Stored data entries
-*-*-

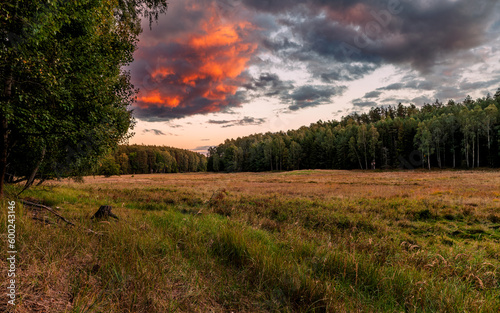 Colorful clouds above meadow and forest edge landscape. End of summer season.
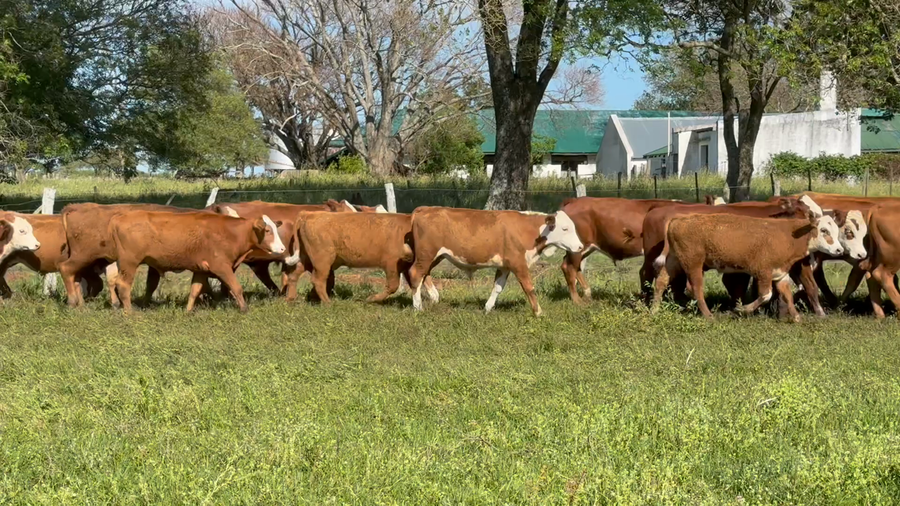 Lote 120 Terneros en Corrientes, Mercedes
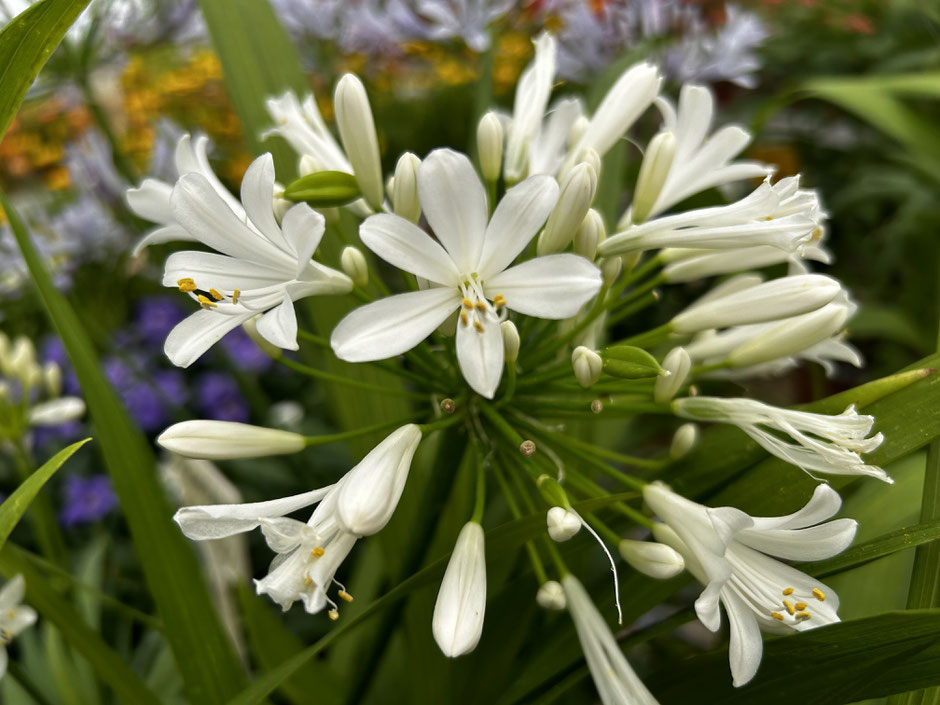 fiori da piantare a luglio 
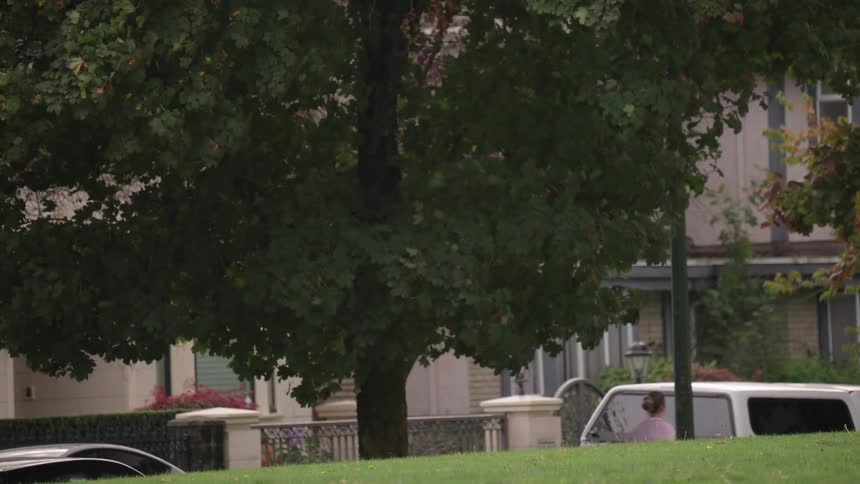 A suburban street lined with trees and parked cars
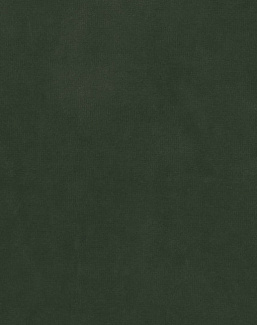 Ткань Nina Campbell Gabrielle NCF4540-15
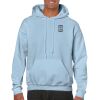 Heavy Blend Adult Hooded Sweatshirt Thumbnail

-*-*-

Activity →
Repeat all of the entries above exactly. Keep pictures out of it.

Reply →
 Colorful clouds above meadow and forest edge landscape. End of summer season.
 Lote 120 Terneros en Corrientes, Mercedes
 fiori da piantare a luglio 
 A suburban street lined with trees and parked cars
 Ткань Nina Campbell Gabrielle NCF4540-15
 Heavy Blend Adult Hooded Sweatshirt Thumbnail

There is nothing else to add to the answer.